Por último, sorprende una vez más (¡qué difícil resulta este asunto en una sociedad como la española cuya fractura no es tanto la religión como la historia de la iglesia) que se acuse a los conservadores de inspirarse y apoyarse en doctrinas religiosas, incluso que se clame contra la intervención de la Iglesia católica en el debate público. Se sigue confundiendo la exigencia de laicidad del Estado —algo irrenunciable en democracia— con la exigencia de laicidad de la sociedad civil. Y esta, la sociedad civil, no es religiosa ni laica, es simplemente… plural. Por ello, en su seno tienen derecho a hacer oír su voz y sus argumentos todos los ciudadanos e instituciones, tanto los dotados de una identidad metafísica como los ciudadanos a secas. Como dice Rawls (y Habermas con más contundencia aún) en el debate público legislativo los ciudadanos religiosos pueden hacer oír sus doctrinas comprehensivas del mundo; y es que, ¿cómo podrían prescindir de ellas cuando comparecen en la esfera pública si son precisamente las que más íntimamente les motivan en lo político? El democrático no es un Estado laico que “tolera” a la religión y a los ciudadanos religiosos, es un Estado que acepta que la sociedad civil es plural, y que ese pluralismo incluye también las religiones.

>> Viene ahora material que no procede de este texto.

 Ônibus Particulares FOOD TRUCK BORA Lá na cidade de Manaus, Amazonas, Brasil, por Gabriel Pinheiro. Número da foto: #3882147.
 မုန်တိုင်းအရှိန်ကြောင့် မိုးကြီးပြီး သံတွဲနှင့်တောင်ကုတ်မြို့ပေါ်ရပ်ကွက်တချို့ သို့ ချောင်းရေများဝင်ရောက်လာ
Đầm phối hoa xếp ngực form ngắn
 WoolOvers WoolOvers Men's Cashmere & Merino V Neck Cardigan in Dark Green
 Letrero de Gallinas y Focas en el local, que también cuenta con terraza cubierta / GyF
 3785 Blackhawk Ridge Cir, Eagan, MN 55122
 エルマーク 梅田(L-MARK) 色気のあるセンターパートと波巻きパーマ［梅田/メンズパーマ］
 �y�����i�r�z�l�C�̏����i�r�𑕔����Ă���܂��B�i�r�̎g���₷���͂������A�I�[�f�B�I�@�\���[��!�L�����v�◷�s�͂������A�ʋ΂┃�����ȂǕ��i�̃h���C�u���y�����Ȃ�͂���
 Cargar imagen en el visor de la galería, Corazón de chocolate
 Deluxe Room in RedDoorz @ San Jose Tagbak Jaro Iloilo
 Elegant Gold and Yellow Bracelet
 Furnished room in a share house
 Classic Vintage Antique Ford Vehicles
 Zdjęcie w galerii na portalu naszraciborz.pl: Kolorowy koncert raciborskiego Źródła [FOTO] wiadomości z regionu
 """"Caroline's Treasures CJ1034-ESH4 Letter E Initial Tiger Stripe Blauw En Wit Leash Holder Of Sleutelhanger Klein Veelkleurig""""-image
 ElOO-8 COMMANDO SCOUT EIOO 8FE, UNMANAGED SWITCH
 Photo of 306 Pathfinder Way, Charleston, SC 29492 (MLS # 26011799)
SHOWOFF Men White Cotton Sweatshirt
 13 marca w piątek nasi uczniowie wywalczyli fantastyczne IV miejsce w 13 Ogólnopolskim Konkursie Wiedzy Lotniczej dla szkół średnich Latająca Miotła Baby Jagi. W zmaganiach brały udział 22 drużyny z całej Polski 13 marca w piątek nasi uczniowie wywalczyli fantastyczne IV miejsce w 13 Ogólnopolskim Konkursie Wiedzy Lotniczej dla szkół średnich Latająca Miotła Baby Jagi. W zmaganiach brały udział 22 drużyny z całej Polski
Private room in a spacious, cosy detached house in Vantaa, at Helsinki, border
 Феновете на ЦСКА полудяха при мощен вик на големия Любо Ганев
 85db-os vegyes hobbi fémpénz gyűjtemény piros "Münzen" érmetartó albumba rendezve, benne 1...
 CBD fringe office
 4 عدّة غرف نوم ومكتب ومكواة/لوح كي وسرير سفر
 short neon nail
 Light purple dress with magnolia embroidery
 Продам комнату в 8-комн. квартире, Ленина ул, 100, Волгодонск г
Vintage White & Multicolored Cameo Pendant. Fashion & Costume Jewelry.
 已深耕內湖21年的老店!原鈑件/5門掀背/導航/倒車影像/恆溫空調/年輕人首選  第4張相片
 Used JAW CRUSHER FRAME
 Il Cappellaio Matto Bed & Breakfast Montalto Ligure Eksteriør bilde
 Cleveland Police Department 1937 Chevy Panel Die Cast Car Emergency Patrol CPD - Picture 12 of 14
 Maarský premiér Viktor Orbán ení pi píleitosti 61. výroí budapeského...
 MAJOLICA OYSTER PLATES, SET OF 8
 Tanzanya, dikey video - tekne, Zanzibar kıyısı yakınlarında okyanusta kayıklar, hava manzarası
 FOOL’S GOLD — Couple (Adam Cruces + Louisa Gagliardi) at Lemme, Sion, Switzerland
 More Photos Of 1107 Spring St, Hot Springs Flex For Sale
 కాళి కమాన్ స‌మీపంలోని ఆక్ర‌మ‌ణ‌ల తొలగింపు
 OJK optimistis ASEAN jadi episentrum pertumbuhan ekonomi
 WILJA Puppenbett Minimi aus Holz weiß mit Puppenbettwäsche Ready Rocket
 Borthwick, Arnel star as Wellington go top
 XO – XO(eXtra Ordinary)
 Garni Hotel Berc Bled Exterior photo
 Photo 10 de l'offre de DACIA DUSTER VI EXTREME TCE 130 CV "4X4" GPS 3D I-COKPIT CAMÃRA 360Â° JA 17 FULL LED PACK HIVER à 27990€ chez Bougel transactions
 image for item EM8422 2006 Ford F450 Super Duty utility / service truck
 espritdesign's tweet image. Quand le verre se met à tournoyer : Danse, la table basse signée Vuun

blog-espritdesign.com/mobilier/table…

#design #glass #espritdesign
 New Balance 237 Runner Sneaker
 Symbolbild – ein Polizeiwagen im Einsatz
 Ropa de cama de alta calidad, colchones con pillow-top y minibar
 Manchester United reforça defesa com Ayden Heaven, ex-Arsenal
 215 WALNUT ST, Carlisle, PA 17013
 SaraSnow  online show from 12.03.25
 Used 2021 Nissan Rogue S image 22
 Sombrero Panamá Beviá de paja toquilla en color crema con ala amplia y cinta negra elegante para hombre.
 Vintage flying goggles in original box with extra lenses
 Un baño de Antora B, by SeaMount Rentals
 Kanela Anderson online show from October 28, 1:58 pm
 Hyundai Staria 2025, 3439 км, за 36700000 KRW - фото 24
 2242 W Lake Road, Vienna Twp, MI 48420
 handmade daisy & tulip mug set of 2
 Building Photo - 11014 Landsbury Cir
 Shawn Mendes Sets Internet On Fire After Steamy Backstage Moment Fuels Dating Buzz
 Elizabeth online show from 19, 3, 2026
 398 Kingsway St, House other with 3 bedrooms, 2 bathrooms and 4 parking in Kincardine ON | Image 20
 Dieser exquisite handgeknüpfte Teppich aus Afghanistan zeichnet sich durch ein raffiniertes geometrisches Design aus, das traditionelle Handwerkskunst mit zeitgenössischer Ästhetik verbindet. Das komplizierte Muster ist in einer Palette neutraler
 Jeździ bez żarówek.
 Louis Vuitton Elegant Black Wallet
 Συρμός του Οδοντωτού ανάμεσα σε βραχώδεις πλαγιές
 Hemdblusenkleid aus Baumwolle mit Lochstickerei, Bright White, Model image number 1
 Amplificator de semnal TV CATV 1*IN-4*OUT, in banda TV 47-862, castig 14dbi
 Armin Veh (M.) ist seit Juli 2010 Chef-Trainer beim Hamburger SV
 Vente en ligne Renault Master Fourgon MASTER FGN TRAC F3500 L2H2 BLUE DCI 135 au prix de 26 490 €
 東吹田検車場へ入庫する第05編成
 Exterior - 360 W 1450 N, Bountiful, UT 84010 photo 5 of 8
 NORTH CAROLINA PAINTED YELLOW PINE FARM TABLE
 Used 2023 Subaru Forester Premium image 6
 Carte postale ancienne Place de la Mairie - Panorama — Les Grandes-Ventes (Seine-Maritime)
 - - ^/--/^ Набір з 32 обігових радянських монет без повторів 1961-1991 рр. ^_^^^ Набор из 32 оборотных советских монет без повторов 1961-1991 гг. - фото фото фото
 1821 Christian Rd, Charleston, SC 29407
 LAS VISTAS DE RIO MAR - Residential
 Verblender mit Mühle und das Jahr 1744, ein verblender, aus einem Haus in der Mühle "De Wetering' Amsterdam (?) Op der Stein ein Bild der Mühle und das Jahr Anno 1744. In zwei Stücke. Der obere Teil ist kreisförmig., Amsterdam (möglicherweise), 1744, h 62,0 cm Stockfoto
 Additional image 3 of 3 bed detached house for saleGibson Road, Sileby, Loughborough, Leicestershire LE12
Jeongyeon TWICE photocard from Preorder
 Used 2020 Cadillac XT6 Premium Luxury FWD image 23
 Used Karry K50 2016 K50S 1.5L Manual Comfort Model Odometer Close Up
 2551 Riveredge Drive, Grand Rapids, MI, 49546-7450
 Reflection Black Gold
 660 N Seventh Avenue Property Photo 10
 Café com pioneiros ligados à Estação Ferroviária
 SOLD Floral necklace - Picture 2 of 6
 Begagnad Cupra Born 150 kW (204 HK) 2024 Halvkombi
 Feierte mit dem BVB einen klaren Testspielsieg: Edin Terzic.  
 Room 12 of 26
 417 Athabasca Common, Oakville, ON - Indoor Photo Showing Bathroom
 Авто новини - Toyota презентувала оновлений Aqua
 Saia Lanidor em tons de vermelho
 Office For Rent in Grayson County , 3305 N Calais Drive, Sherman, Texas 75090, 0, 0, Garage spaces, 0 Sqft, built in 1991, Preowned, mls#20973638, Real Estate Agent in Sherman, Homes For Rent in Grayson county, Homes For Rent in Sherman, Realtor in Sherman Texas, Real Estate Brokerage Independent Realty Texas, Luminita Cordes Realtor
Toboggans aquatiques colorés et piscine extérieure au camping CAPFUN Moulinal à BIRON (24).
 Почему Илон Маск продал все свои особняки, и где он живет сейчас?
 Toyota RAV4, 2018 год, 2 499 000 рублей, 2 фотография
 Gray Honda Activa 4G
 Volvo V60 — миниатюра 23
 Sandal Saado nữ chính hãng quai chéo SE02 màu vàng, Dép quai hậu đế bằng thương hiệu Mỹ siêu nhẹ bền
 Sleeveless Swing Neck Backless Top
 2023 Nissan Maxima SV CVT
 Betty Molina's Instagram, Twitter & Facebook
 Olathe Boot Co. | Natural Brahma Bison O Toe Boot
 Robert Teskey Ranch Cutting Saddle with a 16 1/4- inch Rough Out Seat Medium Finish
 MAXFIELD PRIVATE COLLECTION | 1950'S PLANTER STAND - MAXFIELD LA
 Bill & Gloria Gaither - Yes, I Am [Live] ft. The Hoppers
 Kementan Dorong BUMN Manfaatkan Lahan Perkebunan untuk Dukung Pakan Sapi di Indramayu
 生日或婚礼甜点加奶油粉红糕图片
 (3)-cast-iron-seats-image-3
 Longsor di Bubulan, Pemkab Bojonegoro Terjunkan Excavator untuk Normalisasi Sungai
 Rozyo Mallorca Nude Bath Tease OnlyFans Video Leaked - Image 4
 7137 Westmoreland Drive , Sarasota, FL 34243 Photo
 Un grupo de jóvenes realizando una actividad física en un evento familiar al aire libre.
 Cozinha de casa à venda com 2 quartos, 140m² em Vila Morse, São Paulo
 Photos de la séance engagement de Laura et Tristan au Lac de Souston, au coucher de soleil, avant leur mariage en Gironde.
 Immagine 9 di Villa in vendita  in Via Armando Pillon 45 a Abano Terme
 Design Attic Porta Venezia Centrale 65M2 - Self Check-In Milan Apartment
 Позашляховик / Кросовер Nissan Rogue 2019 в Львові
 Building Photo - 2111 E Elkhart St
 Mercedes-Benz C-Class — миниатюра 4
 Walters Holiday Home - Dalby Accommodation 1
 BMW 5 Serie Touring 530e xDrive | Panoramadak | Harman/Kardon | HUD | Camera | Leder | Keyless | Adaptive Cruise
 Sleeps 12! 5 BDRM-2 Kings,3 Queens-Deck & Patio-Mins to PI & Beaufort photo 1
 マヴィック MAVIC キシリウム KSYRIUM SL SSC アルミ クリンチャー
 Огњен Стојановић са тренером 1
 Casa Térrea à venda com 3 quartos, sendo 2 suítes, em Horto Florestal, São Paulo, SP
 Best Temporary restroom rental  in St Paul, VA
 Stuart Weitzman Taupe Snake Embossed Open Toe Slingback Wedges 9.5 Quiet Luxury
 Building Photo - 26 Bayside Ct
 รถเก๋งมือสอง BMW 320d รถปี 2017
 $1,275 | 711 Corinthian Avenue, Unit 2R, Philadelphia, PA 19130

Es obvio que las iglesias —sobre todo la mayoritaria en España— no pueden invadir ni configurar ni contaminar el ámbito público con sus doctrinas o símbolos particulares. Pero lo que sí pueden es comparecer como unos actores más dentro de ese escenario laico cuando se debaten futuras leyes. La izquierda debiera tratar de corregir su propia esquizofrenia cuando aplaude encantada las declaraciones anticapitalistas o antimercado del Papa, o cuando ensalza la teología de la revolución, y cuando rechaza como odiosa intromisión a Rouco y sus mensajes sobre la “cultura de la vida”. La idea la pronunció algún liberal inglés, me repugna su mensaje, pero el mío básico es que tiene usted todo el derecho del mundo a proclamarlo.
Y, por último, no caigamos en el error de proclamar el consenso como meta obligatoria de este debate, a falta del cual sería una especie de debate fracasado. En esta materia, como en tantas otras, el consenso es imposible e indeseable, lo verdaderamente válido es el disenso que sabe convivir en soluciones que a casi nadie satisfacen, pero que son posibles cuando, al final, después del debate, cada cual pone su ideología, su moral, su religión (y sus intereses) un poco entre paréntesis. No renuncia a ellas, pero acepta un estado razonable dediscordia concorde.